Une lutte des classes, et ça repart

Panorama ciné mars / Oublions la triste dévotion du portrait de Mélenchon sorti en février et repartons au combat avec l’énergie primesautière de la fin de l’hiver. Au ciné, les masses populaires !

Le fond de l’air glacial bouillonne aussi de la colère désespérée des damnés de la terre n’en finissant plus de creuser, pendant que les heureux du monde touchent le septième ciel — et leurs dividendes. Cette insondable exaspération ruisselle jusque sur les écrans, dans un splendide éventail d’œuvres balayant la lutte des classes de manière frontale ou allégorique.

Usines à cauchemars

Premier long de Walid Mattar, Vent du Nord (28 mars) joue en parallèle sur deux tableaux : la délocalisation d’une usine du Nord conduisant un ouvrier licencié à tenter l’aventure entrepreneuriale (devenir patron-pêcheur) et sa relocalisation à Tunis, avec pour un jeune chômeur l’espoir d’un boulot et de se rapprocher de la femme qu’il aime. Sur un thème voisin du maladroit Prendre le large, Mattar réussit un film social double aux échos profonds et révélateurs : les prolétariats sont les mêmes du Nord au Sud, victimes du capitalisme et de l’administration ; et la jeunesse est condamnée à bouger pour s’en sortir.

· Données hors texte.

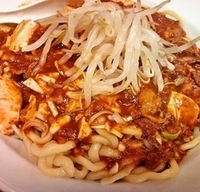 「ぶっかけ（辛子みそ）650円」@つけめん 高木や 高田馬場店の写真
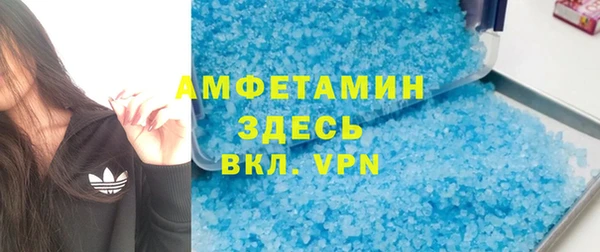 тгк Михайловск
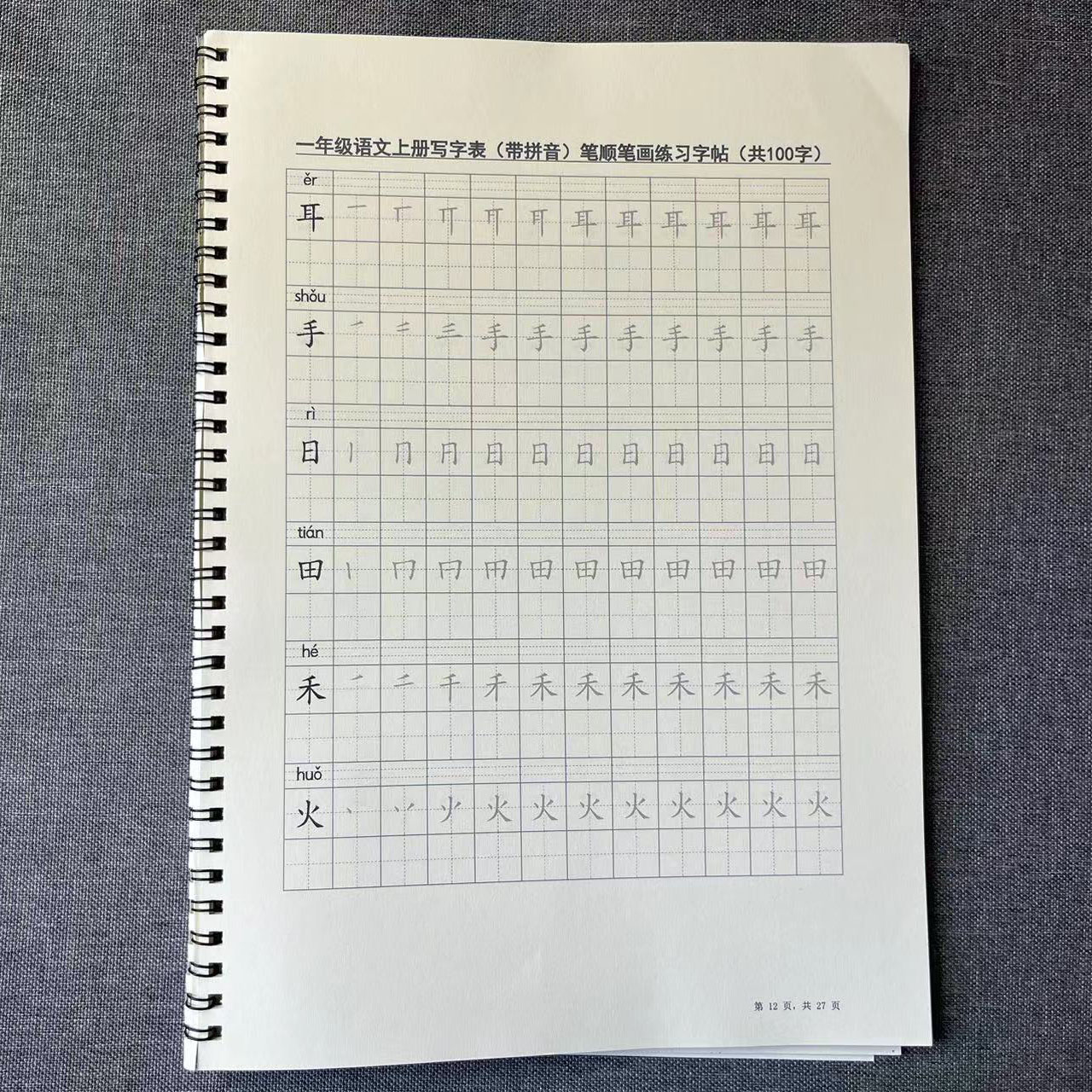 写字笔顺练习语文一年级上册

Moins convaincant est le 7 Minuti (même date) de Michele Placido, inspiré de faits survenus à Yssingeaux, où un groupe de délégués du personnel doit statuer sur l’abandon de 7 minutes de pause déjeuner en échange du sauvetage de son usine. Certes, l’idée de transposer un fait social contemporain en huis clos est pertinente, et la similitude avec 12 hommes en colère intéressante. Mais du fait de sérieux problèmes d’écriture — dont des effets de suspense théâtraux destinés à retarder l’annonce de la fameuse mesure —, de quelques personnages féminins au-delà de la caricature et d’une mise en scène molle là où il aurait fallu du sec, on s’agace au lieu de compatir.

Ailleurs ? Pas mieux…

Complétant comme une parenthèse ou un zoom le We Blew it de Thoret tourné partiellement à Seligman, le documentaire America de Claus Drexel (14 mars) s’intéresse aux habitants de cette ville d’Arizona juste avant (et pendant) l’élection ayant porté Trump au pouvoir. Un an de recul permet de dépassionner le sujet, mais aussi de montrer combien la propagande conservatrice a pu fonctionner dans ce territoire précis. Tristement édifiant.

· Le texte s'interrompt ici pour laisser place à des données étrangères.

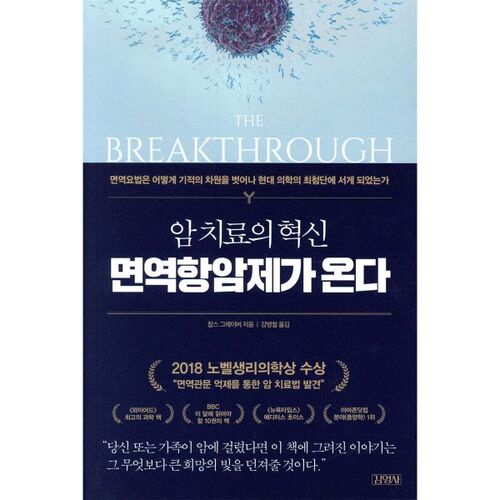 Une révolution dans le traitement du cancer : l’immunothérapie 
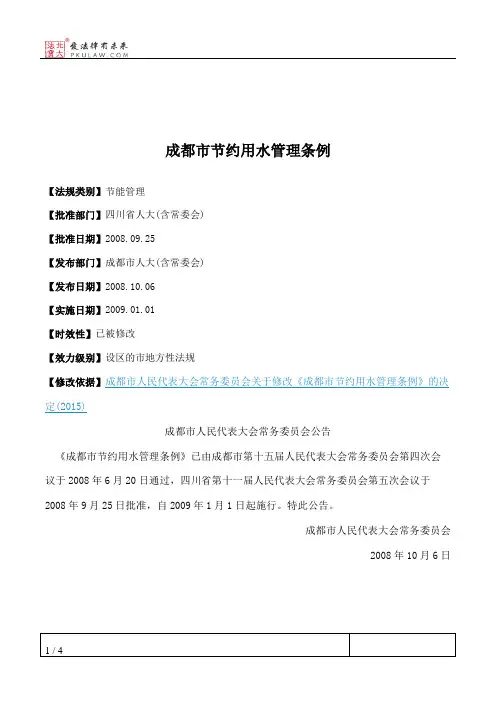 成都市节约用水管理条例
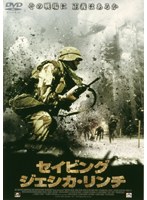セイビング・ジェシカ・リンチ のパッケージ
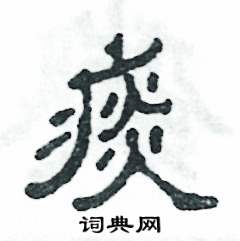 张恒成写的硬笔隶书痰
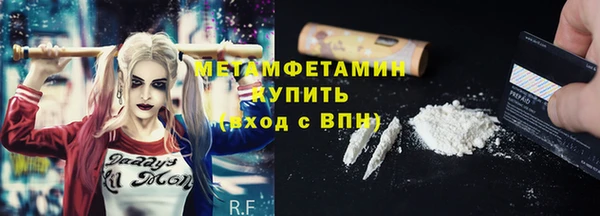 кокаин перу Алексин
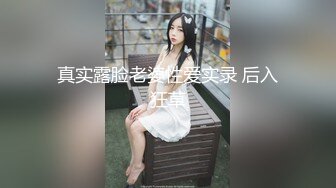 我的胖女人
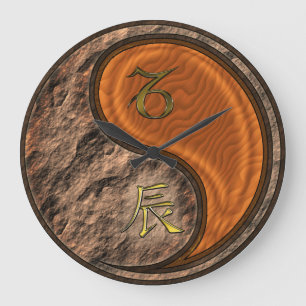 Reloj Redondo Grande Capricornio & Dragón de Madera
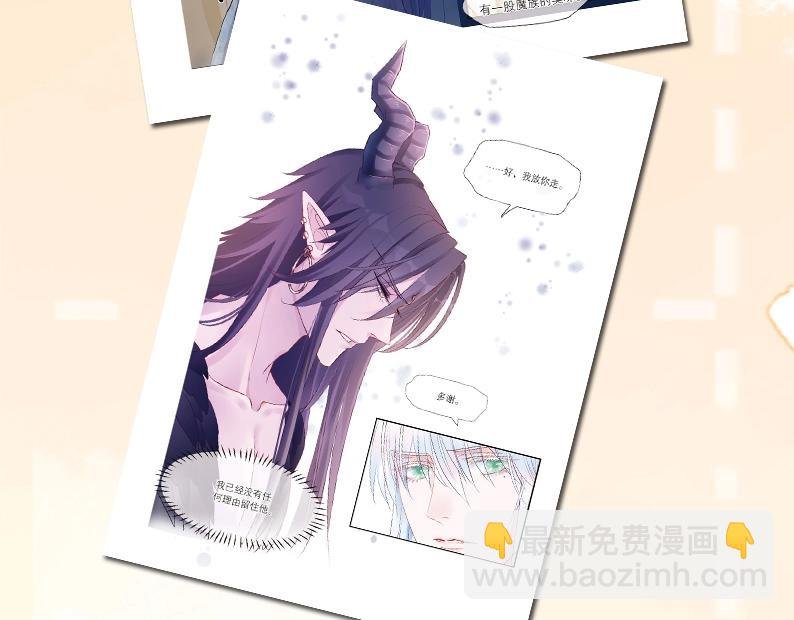 单行本第2册来啦！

Un mot sur également pour Mala Junta de Claudia Huaiquimilla (même date) qui, semblant être un énième film chilien sur les ados à problème, se révèle témoigner du sort inique réservé aux indiens Mapuche, spoliés le gouvernement et brutalisés par la police pour qu’ils quittent leurs terres. Un peuple aussi ostracisés par le reste de la population que le sont les juifs russes dans Tesnota – Une vie à l’étroit de Kantemir Balagov (7 mars).

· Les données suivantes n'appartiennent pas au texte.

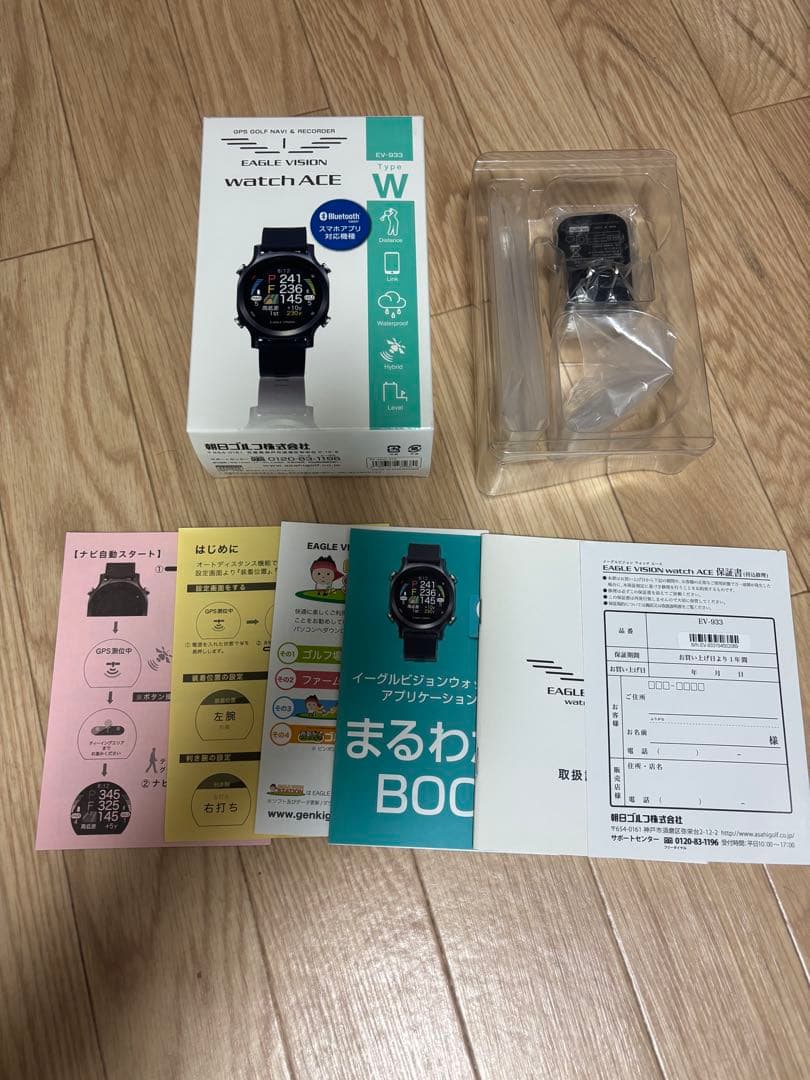 イーグルビジョン　watchACE EV-933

Du fantastique, qui ne l’est pas

Petite déception devant Les Bonnes Manières (21 mars) de Juliana Rojas & Marco Dutra, drame fantastico-lesbien mettant en scène Clara, infirmière des favellas de São Paulo, recrutée pour accompagner durant la fin de sa grossesse Ana, jeune bourgeoise, se révélant enceinte d’un loup-garou. Cet hybride de genres tire avantage de l’union des contraires dans sa première moitié, totalement dépourvue de présence masculine, montrant la naissance d’une idylle entre deux femmes que tout oppose. La seconde partie, métaphorique, est plombée par un désir de fantastique maîtrisant mal ses codes, hélas rendu (presque) possible par la technique. S’ensuit une impression de contrefaçon bancale dénaturant le sens et le propos politique. Dommage.

Que dire, enfin, de Madame Hyde (28 mars), interprété par la stakhanoviste du mois Isabelle Huppert (à l’affiche également de La Caméra de Claire et de Eva le 7) : il confirme ce que l’on en craignait venant du redoutable Serge Bozon. Pauvre transposition du roman de Stevenson, on y suit Madame Géquil, prof de physique d’un lycée de banlieue chahutée par ses élèves, se métamorphosant à la suite d’un choc électrique. La touche Bozon (séquences coupées trop tôt, jeu faux, pseudo humour sinistre, réalisation statique des “moments“ musicaux, trucages pourris, inanité générale…) atteint ici un degré supplémentaire qui devrait ravir ses séides, arguant d’un raffinement intellectuel supérieur. On leur laisse bien volontiers ; il y a d’autres luttes plus classes.